There were only 2 chairs in it. My mom and I sat down and looked at one another sharing the same hesitation as there was nowhere for the doctor and social worker to sit. Less than a minute later the social worker came in. I can’t remember what she said. Something about the nasty weather and something about going to find the doctor. The two of them emerged together less than a minute later than that.
I’m not even sure if the door was closed before the doctor started unfolding two pieces of paper in his hand. And I am positive that the words “your results came back and they’re negative” came out before he completely unfolded the papers. I responded “What?” My mother responded by screaming crying and wrapping me in a hug. The four of us exchanged pleasantries and less than a minute later, we were headed out of Duke Neurology for the last time.
I remember walking out smiling. Before, I had analyzed every single person’s face in the waiting room at my prior appointments. Patients, family members, caregivers. Wondering why they were there. Wondering if I would run into them again in the waiting room or even regularly in the future. When I walked out smiling, I observed their faces again. I hoped they could all translate my smile. To understand with me that I would never run into them in a waiting room again. At least not this one. And I hoped they would be happy for me. I was happy for me.
For the rest of the day I couldn’t find many words. “I can’t believe it” I repeated over and over. Also “I am normal” “I get to live”. The next morning I woke up and could breathe deeper than I had been able to in nine years. I didn’t realize I could breathe this deep but I no longer have the weight of the world on my chest.
I keep forgetting that I am HD negative. It happened so quickly. But remembering again and again and again that I am ok. That I am normal. That I have the same shot at life as everyone else. I am elated every time. And indescribable joy.
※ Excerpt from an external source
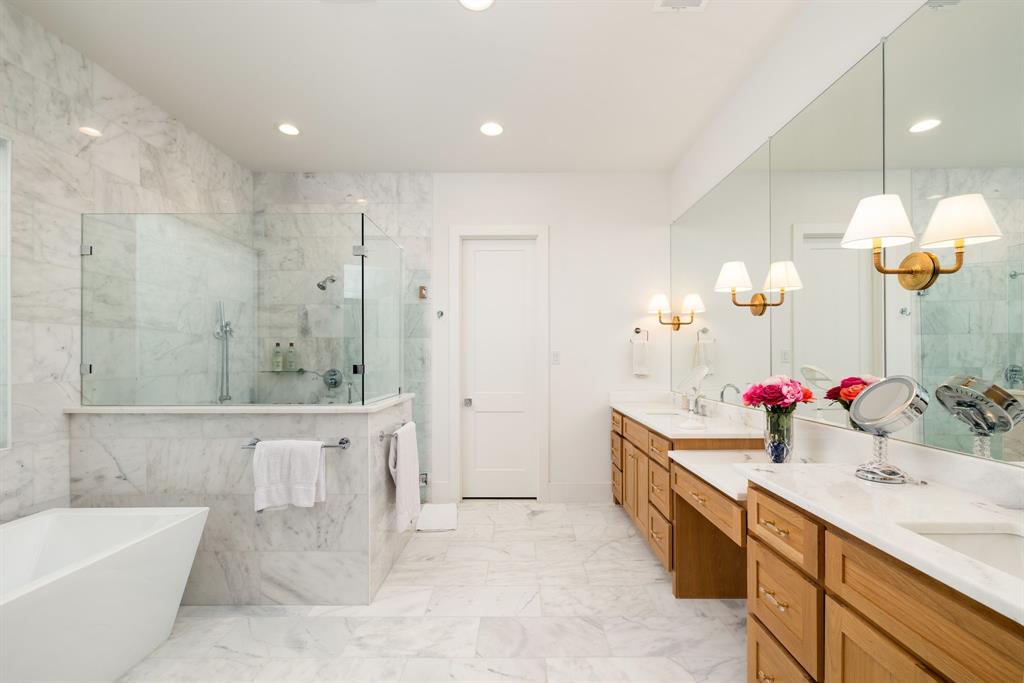 5019 Lark Lane Dallas, TX 75209 - Photo 13 of 32 a bathroom with a double vanity sink mirror and bathtub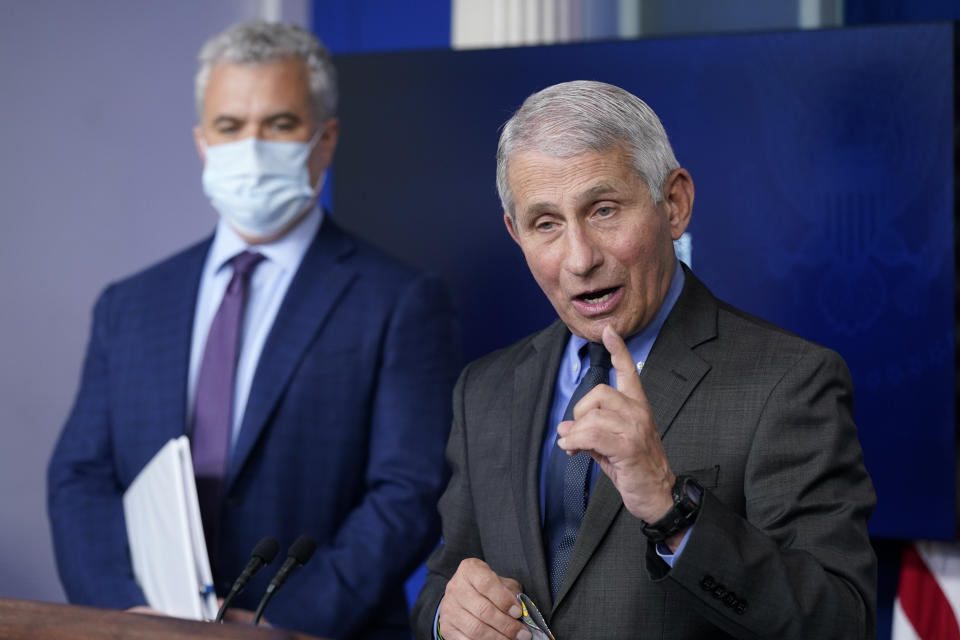 Dr. Anthony Fauci, director of the National Institute of Allergy and Infectious Diseases, speaks alongside White House COVID-19 Response Coordinator Jeff Zients during a press briefing at the White House, Tuesday, April 13, 2021, in Washington. (AP Photo/Patrick Semansky)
Today I am thankful that I get to have children naturally. I will never take this for granted for this is the reason I got tested. I am thankful that I have access to the insurance I need. Every time I look my family and my dog (child) I remember again. I remember that I no longer have to be scared to get old. To be scared when my eye twitches or when I get bad anxiety.
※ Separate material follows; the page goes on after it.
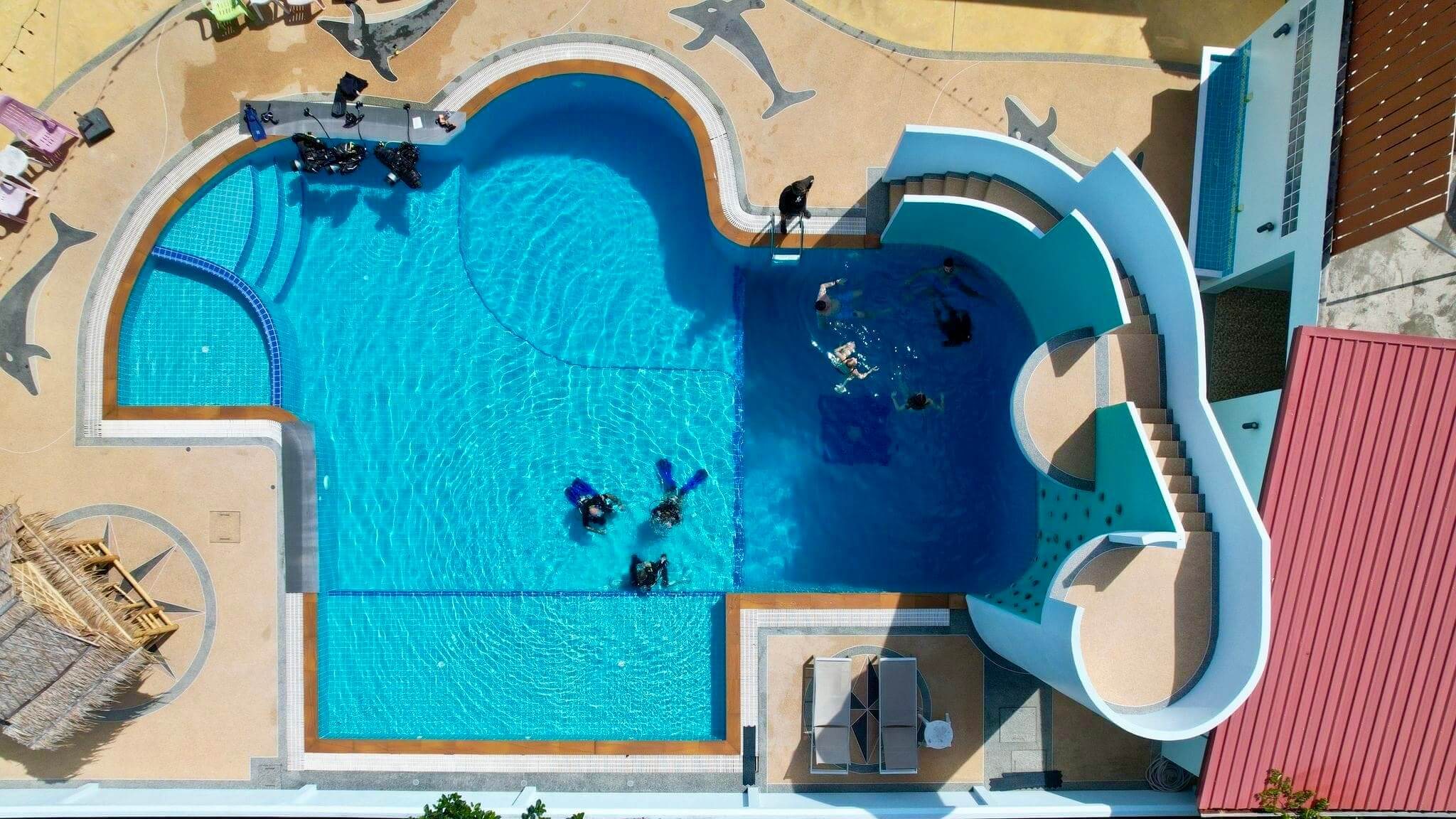 Aerial view of Aloha Diving's training pool in Phuket with groups of divers practising in the shallow and deep sections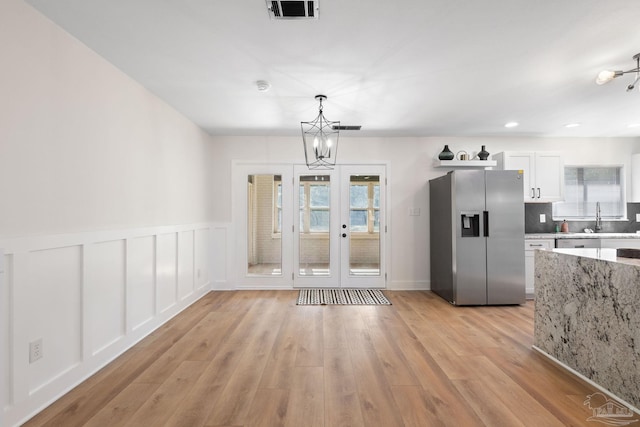 unfurnished dining area with french doors, a healthy amount of sunlight, sink, and light hardwood / wood-style flooring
So many fears that built up over 9 years of not knowing. I get to let them go. But not all at once. It doesn’t work that way. I have to remember the fear, remember that I never have to face that fear. Day by day.
I share this to bring awareness. To introduce myself to anyone in need of someone. Most importantly, I share this to thank the ones helped me remember the moral of this story the entire journey (Ian, Mom, Giana, Meagan, my dog and @championsforhd, @shelby_lentz, @danifofanii, @campaignformybrain, @thehdqueen). The most beautiful thing is, my journey is just beginning.